Por este cantar del marinero
entendimos que la ribera que íbamos a tomar era del reino de
Valencia, tierra por todas las partes del mundo celebrada. Pero en
tanto que este canto se dijo, la nave, impelida de un poderoso
viento, se llegó tanto a la tierra que si el esquife no nos
faltara pudiéramos saltar en ella. Mas de lejos por unos
pescadores fuimos divisados, los cuales, viendo nuestras velas
perdidas, el árbol caído a la una parte, las cuerdas
destrozadas y los castillos hechos pedazos, conocieron nuestra
necesidad. Por lo cual algunos de ellos, metiéndose en un
barco de los que para su ordinario ejercicio en la ribera
tenían amarrados, se vinieron para nosotros, y con grande
amor y no poco trabajo nos sacaron de la nave a todos los que en
ella veníamos. Fue tanto el gozo que recibimos, cuanto se
puede y debe imaginar. A los marineros que en su barco tan
amorosamente y sin ser rogados nos habían recogido, Eugerio
y yo les dimos las gracias e hicimos los ofrecimientos que a tan
singular beneficio se debían. Mas ellos, como hombres de su
natural piadosos y de entrañas simples y benignas, no
curaban de nuestros agradecimientos, antes, no queriendo
recibirlos, nos dijo el uno de ellos:
«No nos agradezcáis,
señores, esta obra a nosotros, sino a la obligación
que tenemos a socorrer necesidades, y al buen ánimo y
voluntad que nos fuerza a tales hechos. Y tened por cierto que toda
hora que se nos ofreciere semejante ocasión como esta
haremos lo mismo, aunque peligren nuestras vidas. Porque esta
mañana nos sucedió un caso que a no haber hecho otro
tal como ahora hicimos, nos pesara después hasta la muerte.

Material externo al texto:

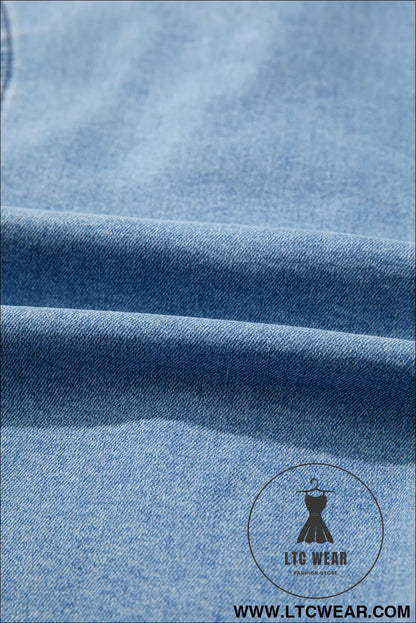 Myosotis slit denim vest: classic meets contemporary - vests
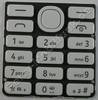 Tastenmatte weiss Nokia 206 Singlesim original Tastatur white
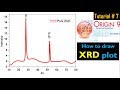 Origin Pro How to draw XRD plot Tutorial 7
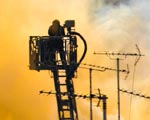  Po�ar w Legionowie. 16 jednostek stra�y po�arnej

El caso fue que al despuntar del día salimos de nuestras
chozas con nuestras redes y ordinarios aparejos para entrar a
pescar, y antes que llegásemos a la ribera vimos el cielo
oscurecido, sentimos el mar alterado y el viento embravecido, y dos
veces nos quisimos volver del camino, desconfiados de podernos
encomendar a las peligrosas ondas en tan malicioso tiempo. Pero
pareció a algunos de nosotros que era conveniente llegar a
la ribera para ver en qué pararía la braveza del mar,
y para esperar si tras la rigurosa fortuna sucedería, como
suele, alguna súbita bonanza. Al tiempo que llegamos
allá, vimos un batel lidiando con las bravas ondas, sin
vela, árbol ni remos, y puesto en el peligro en que vosotros
os habéis visto. Movidos a compasión, metimos en el
mar uno de aquellos barcos muy bien apercibido y, saltando de
presto en él, sin temor de la fortuna, fuimos hacia el batel
que en tal peligro estaba y a cabo de poco rato llegamos a
él. Cuando estuvimos tan cerca de él que pudimos
conocer los que en él estaban, vimos una doncella, cuyo
nombre no sabré decirte, que con lágrimas en los ojos
se dolía, con los brazos abiertos nos esperaba y con
palabras dolorosas nos decía: "¡Ay, hermanos,
ruégoos que me libréis del peligro de la fortuna,
pero más os suplico que me saquéis de poder de este
traidor que conmigo viene, que contra toda razón me tiene
cautiva y a pura fuerza quiere maltratar mi honestidad!". Oyendo
esto, con toda la posible diligencia y no sin mucho peligro, los
sacamos de su batel y, metidos en nuestro barco, los llevamos a
tierra. Contonos ella la traición que a ella y una hermana y
cuñado suyo se le había hecho, que sería larga
de contar. Tenémosla en compañía de nuestras
mujeres, libre de la malicia y deshonestidad de los dos marineros
que con ella venían, y a ellos los metimos en una
cárcel de un lugar que está vecino, donde antes de
muchos días serán debidamente castigados. Pues
habiéndonos acontecido esto, ¿quién de
nosotros dejará de aventurarse a semejantes peligros por
recobrar los perdidos y hacer bien a los maltratados?».
Cuando Eugerio oyó decir
esto al marinero, le dio un salto el corazón y pensó
si era esta doncella alguna de sus hijas. Lo mismo me pasó a
mí por el pensamiento, pero a entrambos nos consolaba pensar
que presto habíamos de saber si era verdadera nuestra
presunción. En tanto que el pescador nos contó este
suceso, el barco, movido con la fuerza de los remos, caminó
de manera que llegamos a poder desembarcar. Saltaron aquellos
pescadores con los pies descalzos en el agua y sobre sus hombros
nos sacaron a la deseada tierra. Cuando estuvimos en tierra,
conociendo que teníamos necesidad de reposo, uno de ellos,
que más anciano parecía, trabando a mi padre por la
mano, y haciendo señal a mí y a los otros que le
siguiésemos, tomó el camino de su choza, que no muy
lejos estaba, para darnos en ella el refresco y sosiego necesario.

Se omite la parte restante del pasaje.